Instantly, when we got to mom's house to stay for the week, there were issues. I wanted to be away from the crowd, while he wanted to be in the crowd. That was how we grieved. They say opposites attract. It's true. Our temperaments are opposite and with that comes different ways of grieving. I was becoming a different person very subtly and so was he. We grew distant when it came to our "inner world" but we kept pushing ourselves to talk through it. Which we did, cause everyone knows, "Communication is the Key." It was only a couple months out that I realized that I felt alone, somewhat like a widow, life I lost both my child and my husband and that it was just me and Isaiah. I'm a very observant person, so when I felt like that, I instantly went to my husband, who was very much alive. We talked it through and realized that we feel like this cause we barely know eachother anymore.
We were so busy grieving our daughter, that we became unaware of a bigger issue. My arms became empty when Sarah died, but what added to my grief was the absence of my second half. My heart was broken in so many different ways. My head was so clouded with grief that it took the Spirit to point it out to me.

(the Big answer)
I realized that not only am I grieving Sarah, I was grieving the way things used to be. I was grieving the old me, the old Josh, the old life, the old marriage. My head was swimming with loss. I wanted my life back, but it doesn't work that way. So Josh and I had to make a decision. To let it get so bad that we separate, OR be proactive, before it gets bad, and push back toward God and eachother. Love and sacrifice and commitment.
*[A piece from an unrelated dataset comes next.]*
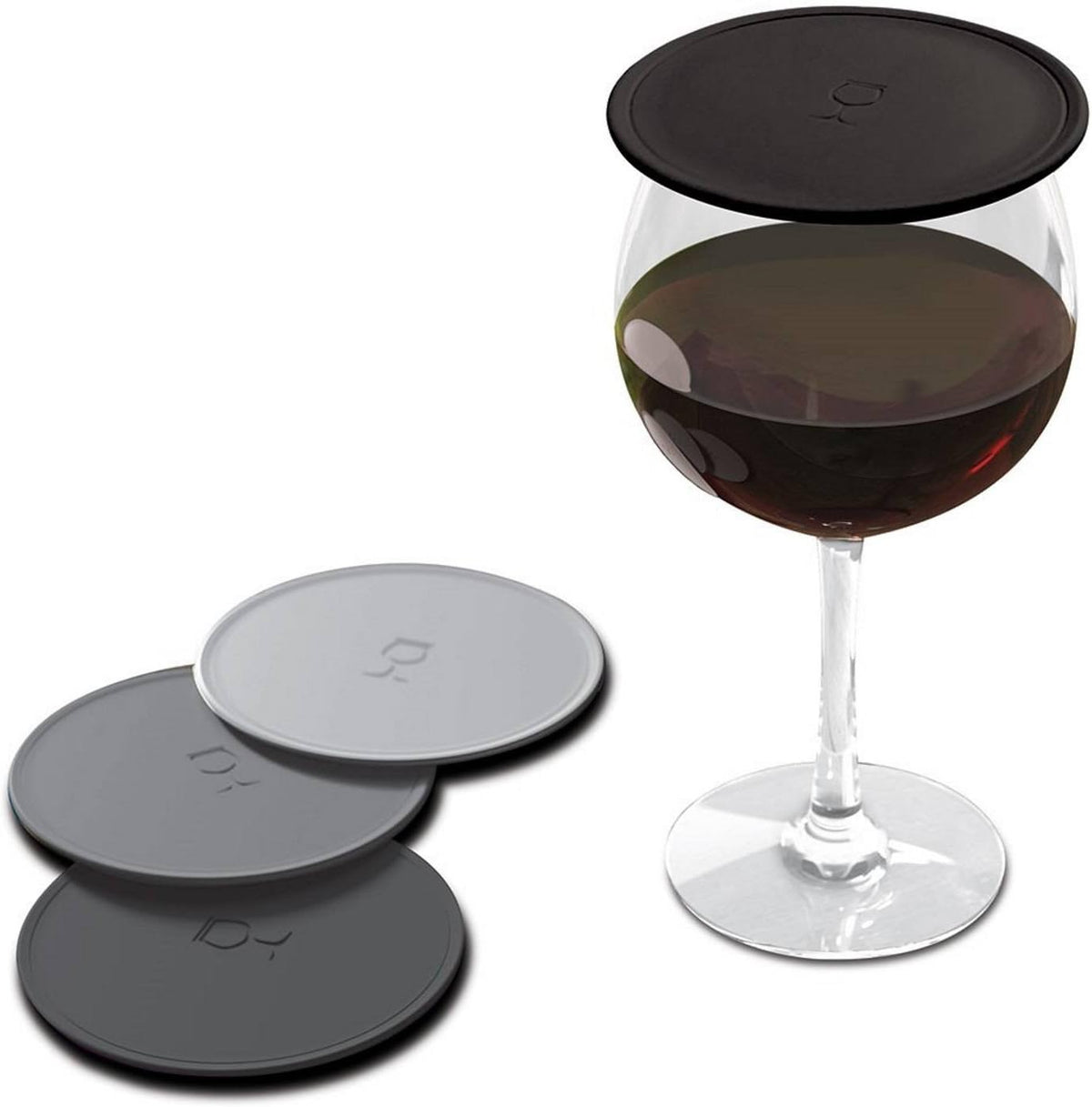 Drink Tops Tap & Seal Outdoor Drinking Glass Cover - Gently Suctions to Glasses to Keep Particles Out & Reduce Splashing - For Wine Glasses, Coffee & Tea Mugs, Beverage Glasses & More - 4pk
Marriage is work. Marriage can be like labor, but it's all for a sweeter outcome. We pulled out our "equipment" and started in.
It's been over two years, and we are still working things out. But our "toil is not in vain." We will overcome this, because He has already. This was our tribulation, and I'm sure there is more to come, but He has overcome the world. Sarah is safe. Our marriage is stronger than ever. We are learning eachother again, and it is beautiful. There are beautiful things about us that never came to surface until lately. We still see some old things peeking back because God is good.
Because I remained faithful, I still adore my husband. I am proud to be his wife. We still go to whatever marriage seminars there are, and we keep learning cause we know we will need it. This whole situation has aged us. We both have said, we feel like 60 year olds in 25 year old's bodies. But we feel honored. Through Christ, we have prevailed that hardest thing that a couple could go through. We know for sure, that NOTHING will stop us now. God saw fit to have us go through this, but He knew we could get through it. He entrusted us with this. He gave us this blessing cause He knew we'd live to tell about it. I've never felt closer to God or to my husband. Life will always hurt, but my soul still dances.

4 comments:

  1. Another beautiful post, Kailan. Your grace shines through your writing.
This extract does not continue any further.